After Larion left Belloc alone in the engine room to retrieve the bombs, an oil line burst, sending an oil pipe into Belloc's face and killing him. Lamb, Larion, and some other crewmembers rushed to the engine room. Upon seeing Belloc dead, Larion assumed that one of the crew had figured out their plans and killed Belloc. Larion rushed from the scene, only to apparently kill himself in an accident with an airlock.

Once the ship arrived at the base, it fought in the war for months. It then returned to Earth for new crewmembers before heading back to the front. Eventually, the war ended, and the ship was repurposed. After five years transporting cargo, it crashed on a planetoid. The crew was killed, leaving the ship stranded. Months later, Lamb, who became a patrol inspector, found the ship. He talked about trouble brewing on Venus, and how he wanted to captain the ship again and fight the Venerians. After Lamb flew off to fetch a repair crew, the ship waited for Lamb's return, excitedly.

== Background ==

Before the publication of "I, Rocket", U.S. writer Ray Bradbury sold newspapers from a Los Angeles street corner during the day while trying to establish his reputation as a writer by composing short stories and poems in a library at night. Although he had already written over a hundred stories for various magazines before "I, Rocket" was published, his writing went virtually unnoticed by literary critics.

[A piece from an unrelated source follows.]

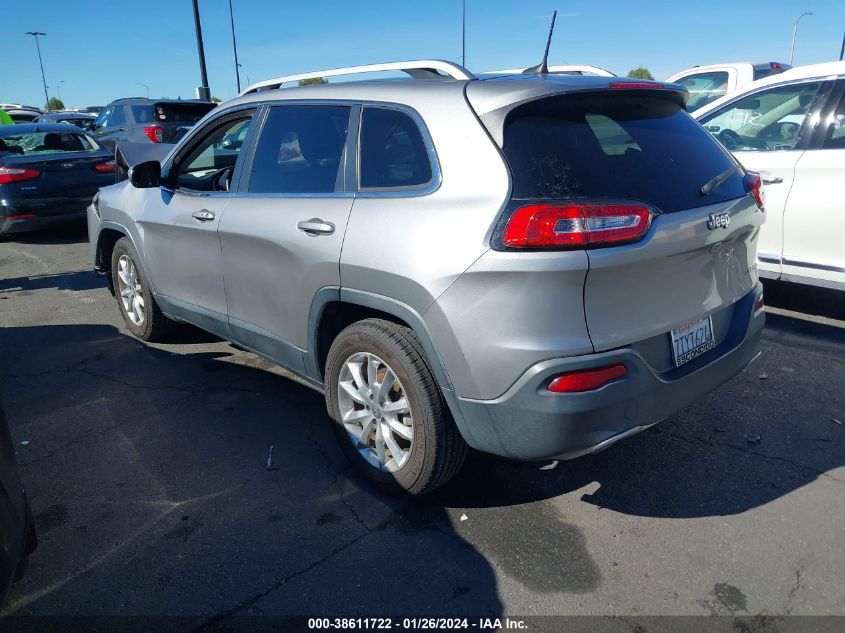 2017 JEEP CHEROKEE LIMITED FWD - 1C4PJLDB0HW514061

"I, Rocket" is the first submission of his to the science fiction magazine Amazing Stories that was accepted. It is also the longest science fiction story that Bradbury had written at the time.

== Analysis ==

In Amazing Stories, science fiction writer Jean Marie Stine stated that "I, Rocket" is the first story where "the viewpoint character and first-person narrator is a fully conscious, intelligent and aware spaceship". She speculated that the idea to write from a rocket ship's perspective may have ultimately come from Amazing Stories editor Raymond A. Palmer, stating that Palmer may have suggested the idea to Bradbury directly, or Bradbury may have been inspired by Eando Binder's short story "I, Robot", which was written from the perspective of a robot, and had been published in the January 1939 issue of Amazing Stories.

Stine noted that "I, Rocket" followed the pattern of many other stories by Bradbury: an otherworldly setting for a story that was focused on neither the mechanical nor the scientific, but rather on the human or humanlike attributes of the story's characters.

== Reception ==

"I, Rocket" is Bradbury's first story to be featured on the cover of a magazine. Stine considers this story to be the one that made Bradbury famous and established his reputation as a writer of science fiction.

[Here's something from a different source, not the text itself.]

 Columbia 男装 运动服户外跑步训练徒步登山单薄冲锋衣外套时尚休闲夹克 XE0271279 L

The story won the 1945 Retro Hugo Award for Best Short Story in 2020.

== Publication history ==

"I, Rocket" was first published in the May 1944 issue of Amazing Stories. It was made freely available on the web site of Amazing Stories in 2014.

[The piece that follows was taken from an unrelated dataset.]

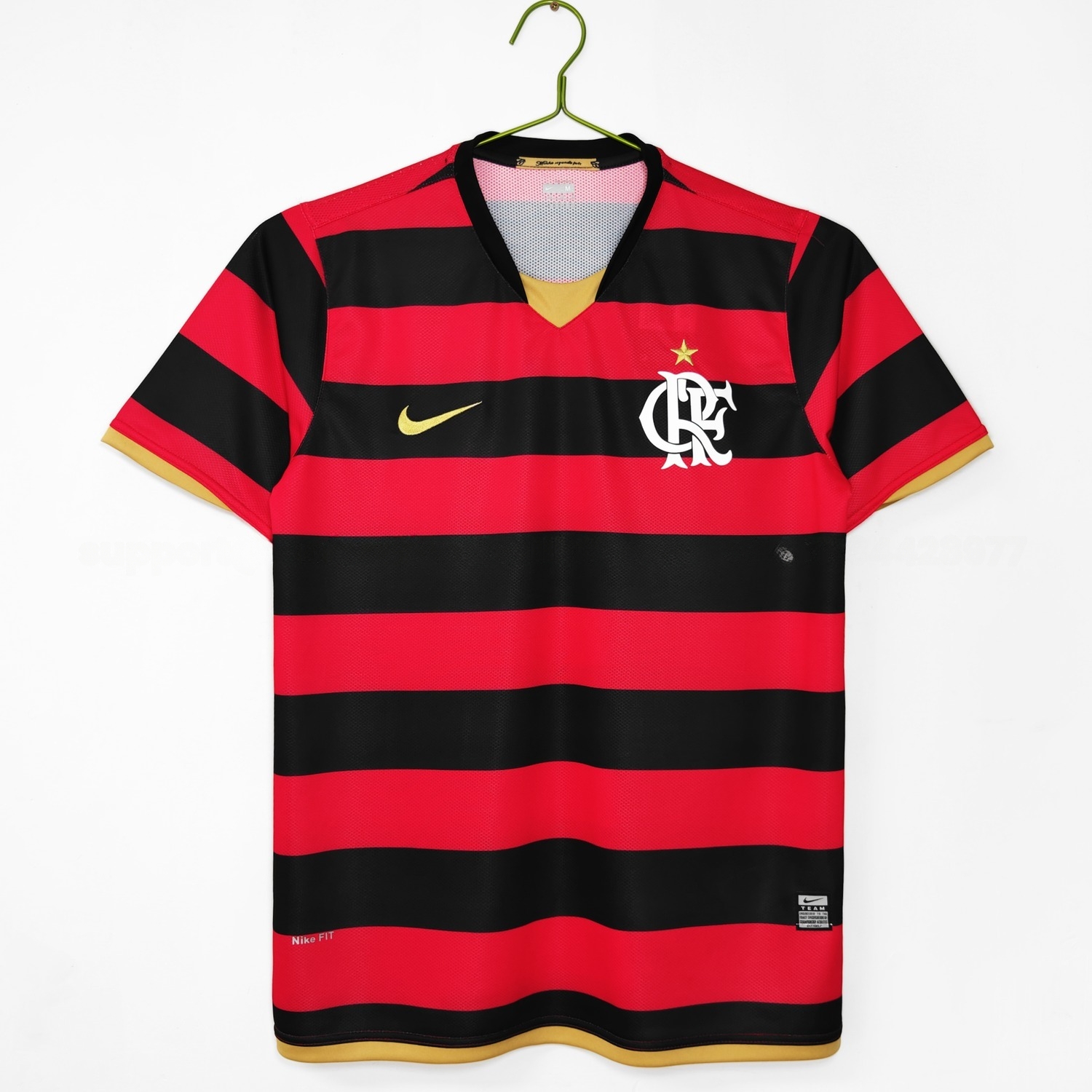 Retro Flamengo 2008-09 Home Jersey - ManixJersey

In 1953, a seven-page comic adaptation, illustrated by Al Williamson and Frank Frazetta, was published by EC Comics in Weird Fantasy #20. (Note: Comic Book Resources also credits Roy Krenkel as an illustrator.) The original artwork was put up for auction in 2019 and was expected to sell for between 60,000 and 80,000 USD. EC Comics also published comic adaptations of 24 other Bradbury stories during the early 1950s, all of which were collected and republished in Home to Stay!: The Complete Ray Bradbury EC Stories in 2022.